Milburn report fails to tackle non-graduate social mobility

21 July 2009 pr038.09

Despite delivering over 80 recommendations and urging Britain not to harbour a “closed shop mentality”, the long-awaited Alan Milburn report on fair access to the professions released today fails the very audience it is intended to support.

Mr Milburn sought to make recommendations on how the professions, the Government and others can ‘unleash the pent-up aspiration that exists in the young people of our country’, citing that professions have become open only to graduates, leaving many of those without a university degree unable to pursue a professional career. Yet the report deals almost exclusively with the issue of degrees and higher education, leaving praise for non-graduate routes to the penultimate chapter.

The report has overlooked the opportunity to promote existing initiatives which provide access to careers amongst non-graduates, and in particular the 45-year-old vocational route to qualification as a lawyer, so marginalising the career opportunities of very people the Government should be seeking to nurture, according to the Institute of Legal Executives (ILEX).

“We were delighted to see that the issue of social mobility and access to the professions is being taken seriously. But by perpetuating the myth that university is the only way to become a lawyer, it seems that it’s the Government itself who is harboring a closed-shop mentality” said ILEX President, Judith Gordon Nichols, “Or is this report really just a plank in the Government’s effort to secure university attendance by fifty percent of our young people?”

Whilst the report laments the demise of the old articled route to qualification for lawyers, it overlooks the fact that it is still possible to become a qualified lawyer vocationally via organisations such as ILEX. Over 80,000 people have chosen to study law through the vocational route and ‘earn as they learn’. Only 2% of them have lawyer parents and just 15% of them come from families where either of the parents received a university education.

“The government needed to look no further than legal executive lawyers for social mobility in action: many of the recommendations the report suggests for the legal profession are already in place through ILEX. By not recognizing such routes, this Government report has effectively reinforced the misperception that you have to be affluent, connected and go to university to be a successful lawyer.
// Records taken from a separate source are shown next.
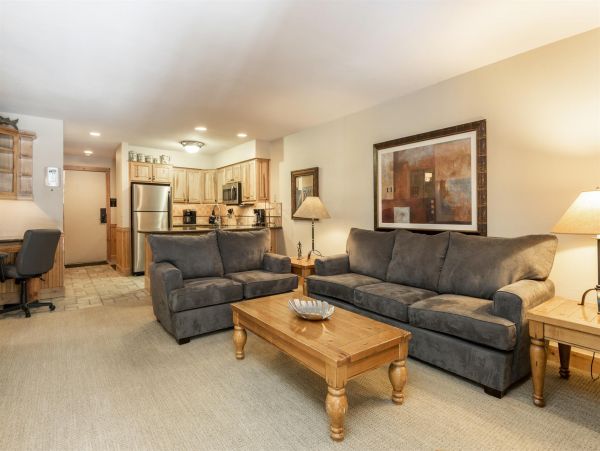 Park City Deer Valley Canyons Resort Condo 996356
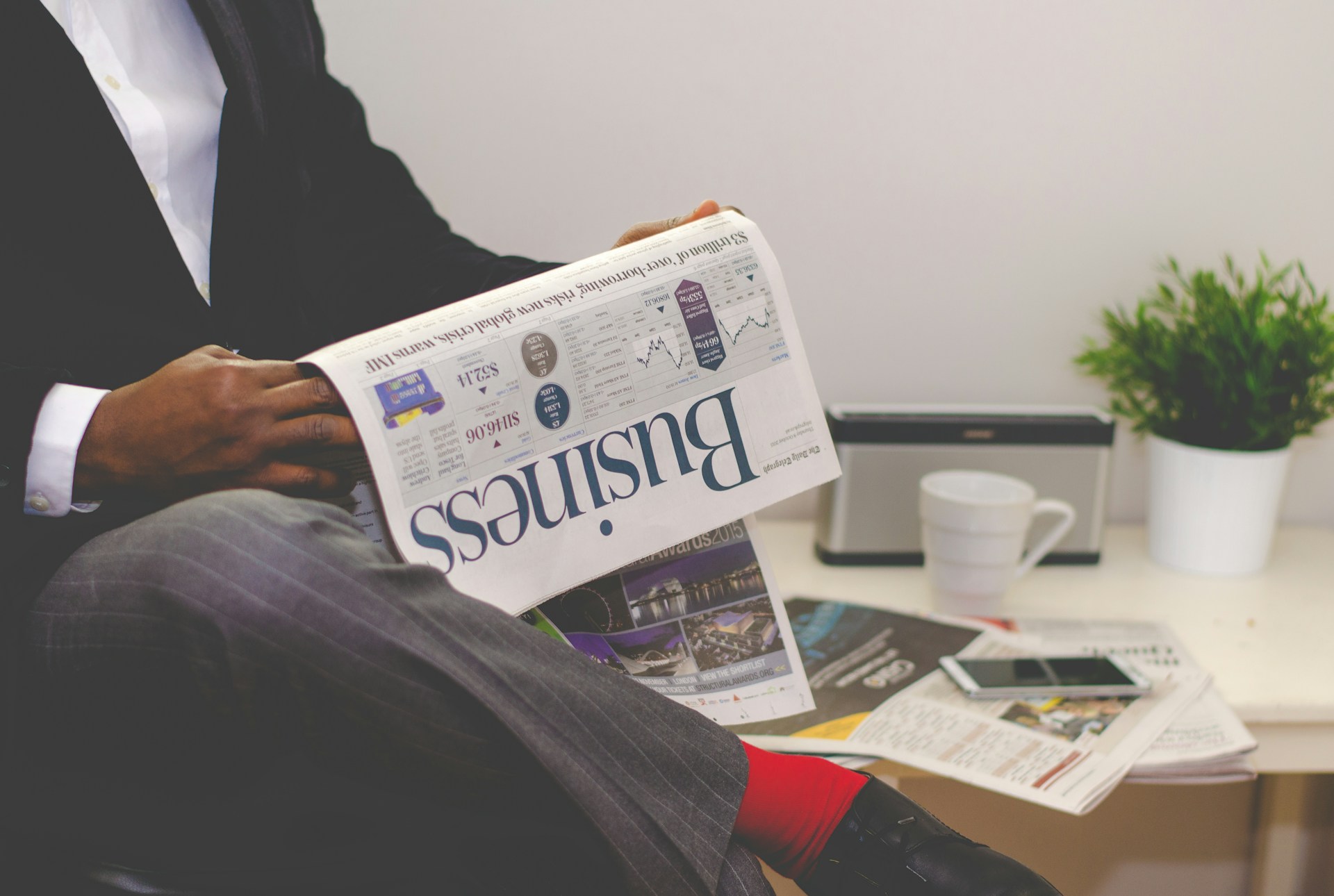 challenges facing SMB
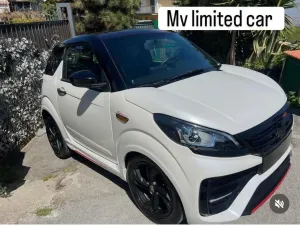 Ligier js 50 new total white sport 2024 10000 km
We are incredulous that Mr. Milburn’s report does not mention, let alone encourage, the established vocational routes to becoming a professional, although the Panel received evidence from ILEX and other similar vocational bodies” Ms Gordon Nichols continued.

“What is now needed is for the Government to open their own minds and fully recognise and embrace the benefits of the existing vocational routes to professional qualifications. Only then can the British youth unleash their professional aspirations and maximize their inherent potential.”